René Char, « Suzerain », « Le poème pulvérisé » in Fureur et mystère

Ces phrases de René Char, qui se trouvent juste avant le texte « À la santé du serpent » et que j’ai citées lors d’un oral de l’agrégation pour conforter la lecture que je venais d’en faire, n’ont pas suffi à convaincre le président du jury que les mots « connaissance », « fruit » et « serpent » qu’il avait vus dans le texte n’étaient surtout pas nécessairement bibliques. C’est avoir une vision bien erronée du poète héraclitéen et quoique ce ne soit pas au candidat de noter les jurés et de les sanctionner pour contresens, ayant été sanctionnée à tort (de même que pour ma lecture de Montaigne et Socrate, où là aussi un président du jury a voulu ramener le texte à la Bible) il me reste du moins la possibilité de rétablir le vrai par écrit.

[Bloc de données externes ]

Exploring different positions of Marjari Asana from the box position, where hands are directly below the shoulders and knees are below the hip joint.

Pour Héraclite, tout est en devenir et en redevenir – ce qui ne signifie pas en éternelle répétition mais en perpétuelle mutation : d’où le serpent, comme je l’avais expliqué. Rien là de biblique, rien là de mauvais – au contraire. Le fruit n’est pas cause de chute de l’homme, mais image de la saine puissance de transformation de la vie, comme il est image du mouvement et de la mutation de la vie de l’esprit chez Hegel (« Le bourgeon disparaît dans l’éclosion de la floraison, et l’on pourrait dire qu’il est réfuté par celle-ci, de la même façon que le fruit dénonce la floraison comme fausse existence de la plante, et vient s’installer, au titre de la vérité de celle-ci, à la place de la fleur », dit-il dans Phénoménologie de l’esprit). Il est très regrettable que même parmi les élites l’esprit grec soit à ce point méconnu, et que prévale l’accablante moraline judéochrétienne, prétexte à trop d’erreurs, voire de « bassesse », pour reprendre le mot de Char dans L’âge cassant.

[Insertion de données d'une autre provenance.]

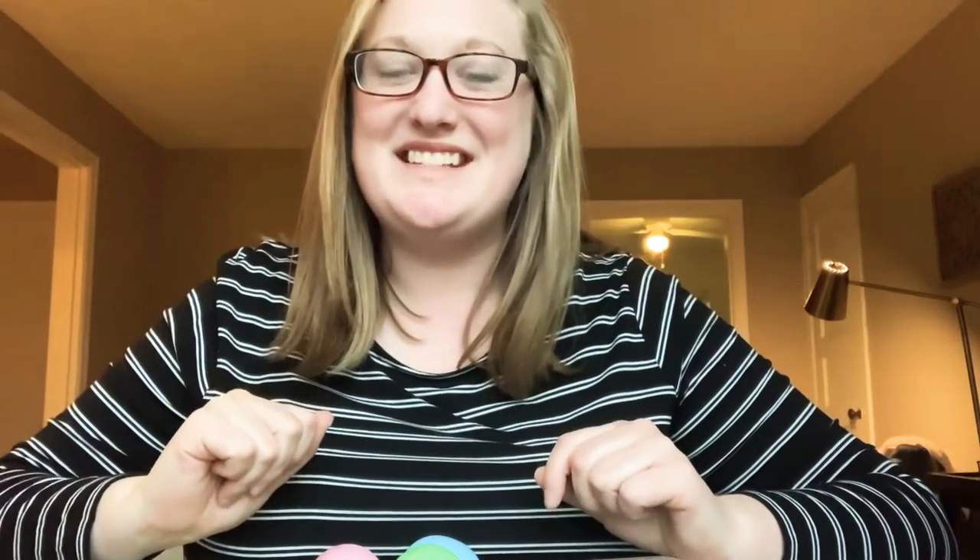Hi boys and girls! Miss Sam here, and today we are going to make a musical instrument called a maraca. Can you say ma-ra-ca? Make sure you include all three sounds in that: ma-ra-ca.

« Pouvoir marcher, sans tromper l’oiseau, du cœur
de l’arbre à l’extase du fruit »
René Char, Fureur et mystère, « Le Poème pulvérisé » XVIII

« Ma toute terre, comme un oiseau changé en fruit dans un arbre éternel, je suis à toi »
René Char, La parole en archipel

Monsieur le président du jury, remballez votre catéchisme, ne trompez pas l’oiseau-fruit en faisant mentir sa parole.

« Entre innocence et connaissance, amour et néant, le poète étend sa santé chaque jour. »
René Char, Fureur et mystère, « Seuls demeurent », « Partage formel »

L’harmonie selon Héraclite est harmonie des contraires. Et l’harmonie est la santé du poète, à la fois foudroyant et serpent, peintre et harmonie des couleurs, mesure et musique.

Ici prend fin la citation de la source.